-- INFORMATION follows --

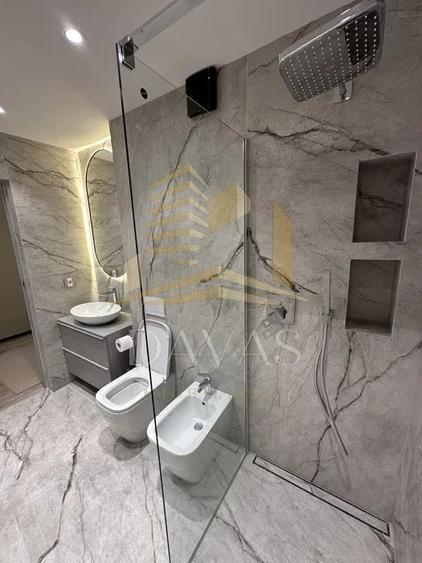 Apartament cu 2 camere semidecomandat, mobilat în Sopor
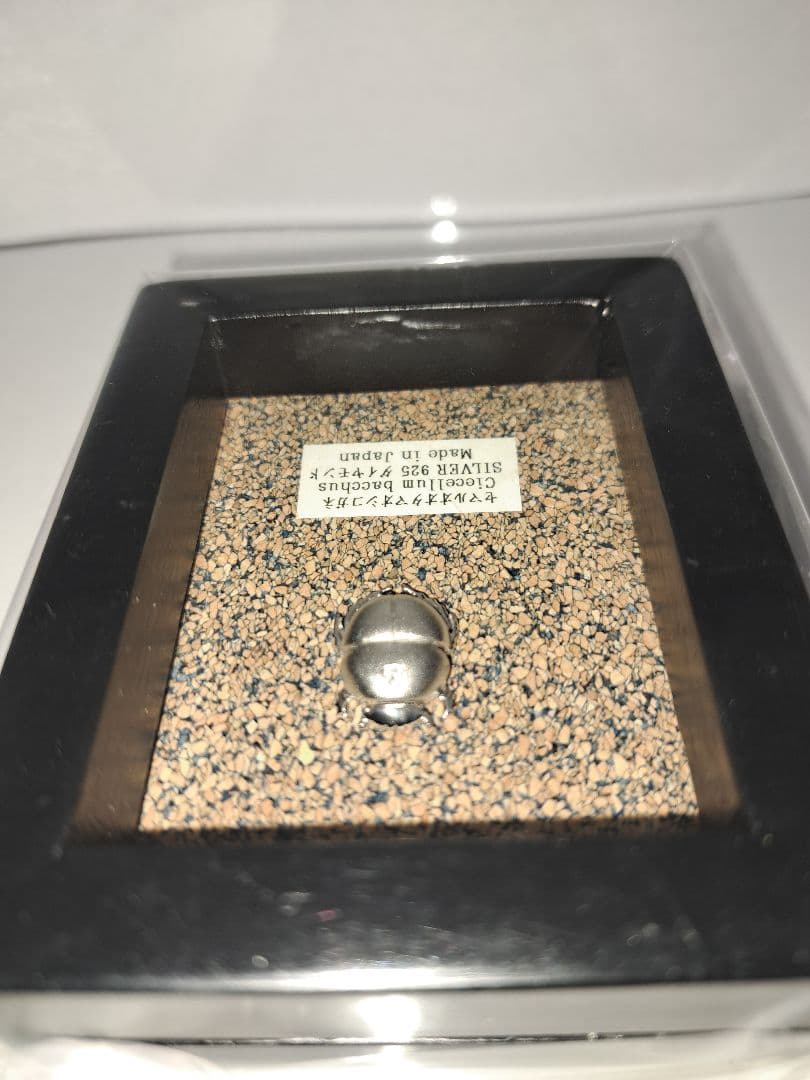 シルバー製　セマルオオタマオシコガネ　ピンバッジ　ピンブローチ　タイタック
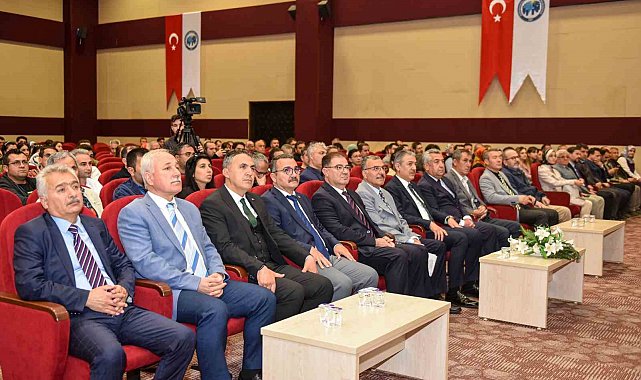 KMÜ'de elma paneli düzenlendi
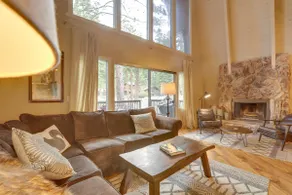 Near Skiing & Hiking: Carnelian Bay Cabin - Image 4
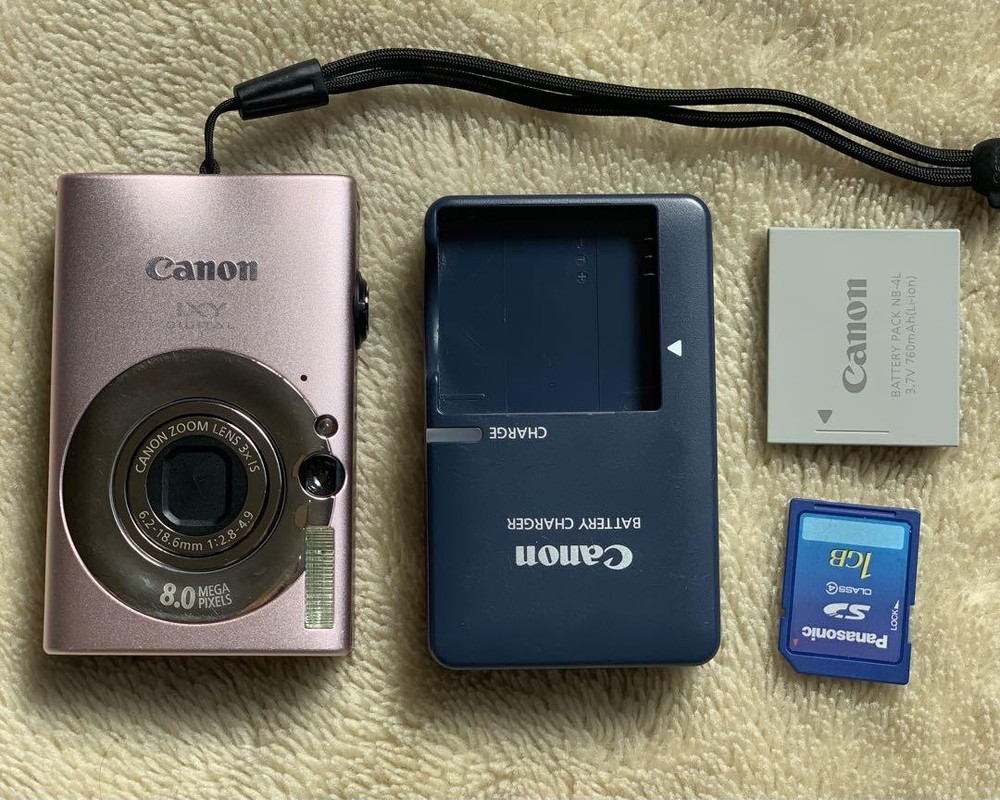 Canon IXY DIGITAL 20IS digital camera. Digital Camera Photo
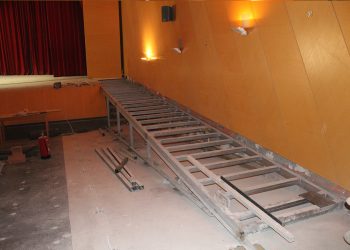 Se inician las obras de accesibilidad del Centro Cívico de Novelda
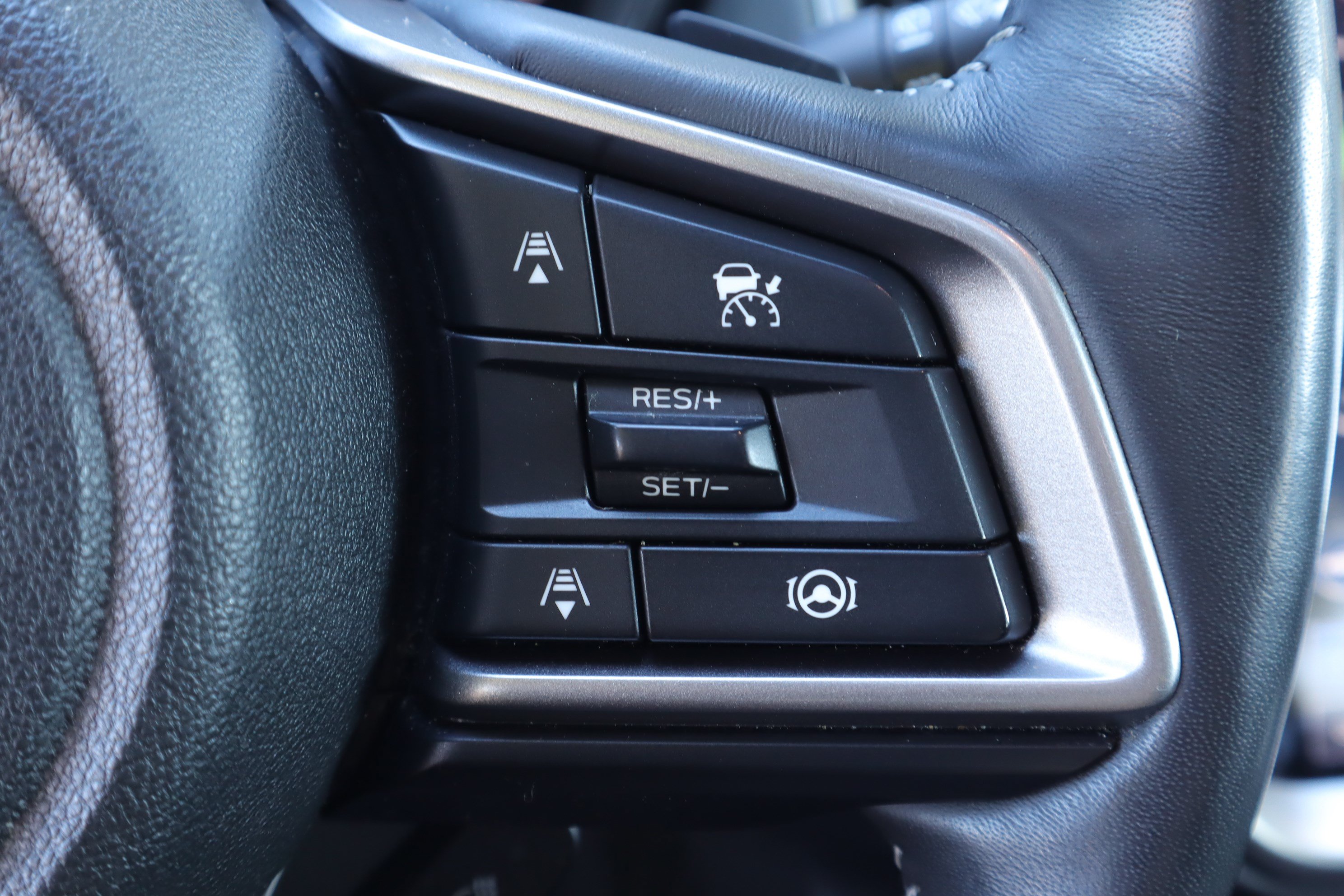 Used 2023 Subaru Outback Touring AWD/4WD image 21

-- INFORMATION concluded --
-- INFORMATION follows --

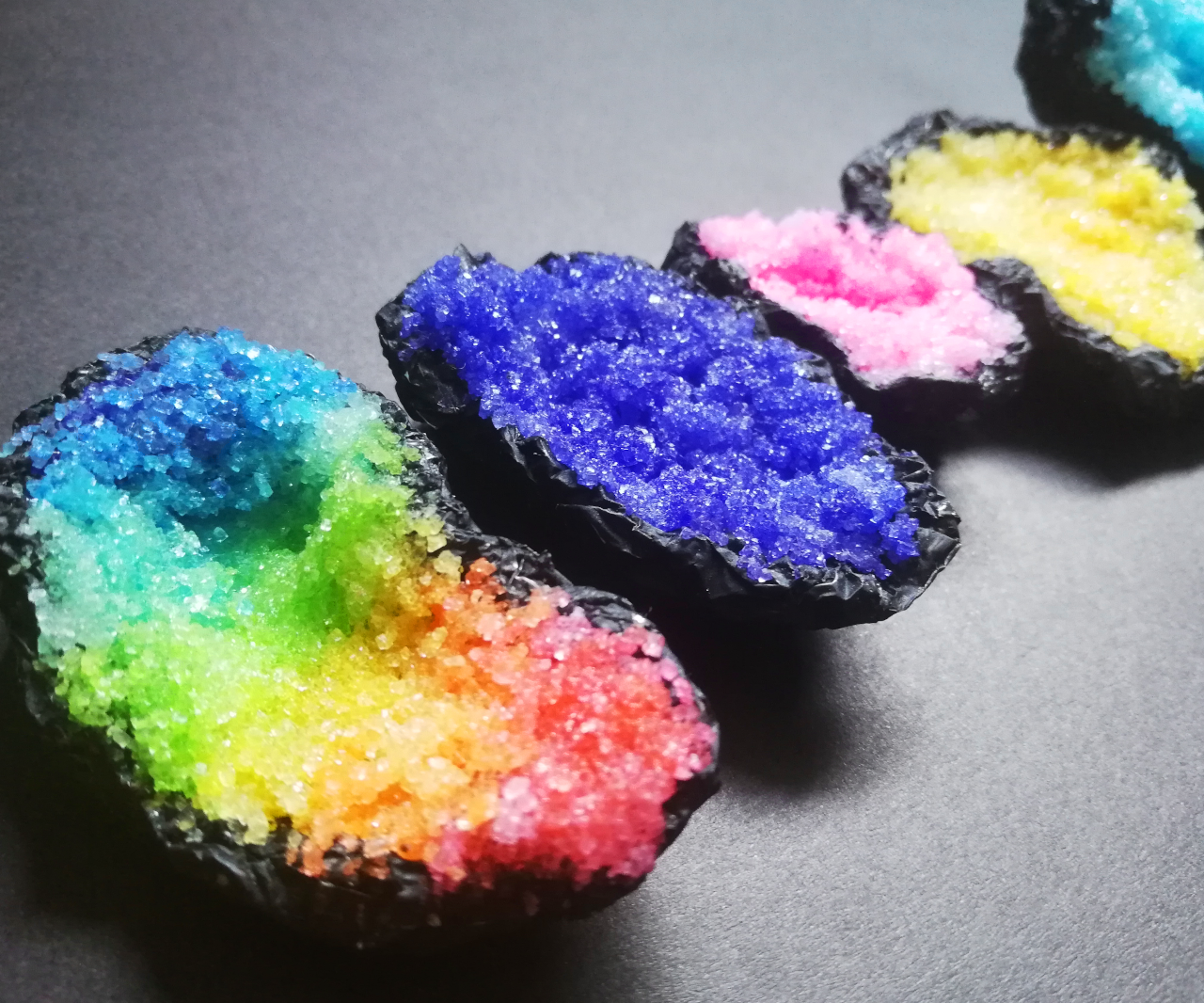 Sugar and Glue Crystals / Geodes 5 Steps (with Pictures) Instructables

-- INFORMATION concluded --

*TASK ITEM*
Look back at the data above, then output exactly the lines from the line holding "Apartament cu 2" up to and including the line holding "Used 2023 Subaru". Leave out the pictures.

*REPLY TO THE TASK*
 Apartament cu 2 camere semidecomandat, mobilat în Sopor
 シルバー製　セマルオオタマオシコガネ　ピンバッジ　ピンブローチ　タイタック
 KMÜ'de elma paneli düzenlendi
 Near Skiing & Hiking: Carnelian Bay Cabin - Image 4
 Canon IXY DIGITAL 20IS digital camera. Digital Camera Photo
 Se inician las obras de accesibilidad del Centro Cívico de Novelda
 Used 2023 Subaru Outback Touring AWD/4WD image 21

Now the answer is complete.